GitLab Patches Critical Flaw Allowing Unauthorized Pipeline Job Execution

GitLab


GitLab on Wednesday released security updates to address 17 security vulnerabilities, including a critical flaw that allows an attacker to run pipeline jobs as an arbitrary user.

The issue, tracked as CVE-2024-6678, carries a CVSS score of 9.9 out of a maximum of 10.0

“An issue was discovered in GitLab CE/EE affecting all versions starting from 8.14 prior to 17.1.7, starting from 17.2 prior to 17.2.5, and starting from 17.3 prior to 17.3.2, which allows an attacker to trigger a pipeline as an arbitrary user under certain circumstances,” the company said in an alert.

The vulnerability, along with three high-severity, 11 medium-severity, and two low-severity bugs, have been addressed in versions 17.3.2, 17.2.5, 17.1.7 for GitLab Community Edition (CE) and Enterprise Edition (EE).

Cybersecurity

It’s worth noting that CVE-2024-6678 is the fourth such flaw that GitLab has patched over the past year after CVE-2023-5009 (CVSS score: 9.6), CVE-2024-5655 (CVSS score: 9.6), and CVE-2024-6385 (CVSS score: 9.6).
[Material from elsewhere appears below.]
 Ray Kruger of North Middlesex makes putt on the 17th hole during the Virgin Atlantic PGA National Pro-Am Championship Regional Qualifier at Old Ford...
While there is no evidence of active exploitation of the flaws, users are recommended to apply the patches as soon as possible to mitigate against potential threats.

Earlier this May, U.S. Cybersecurity and Infrastructure Security Agency (CISA) revealed that a critical GitLab vulnerability (CVE-2023-7028, CVSS score: 10.0) had come under active exploitation in the wild.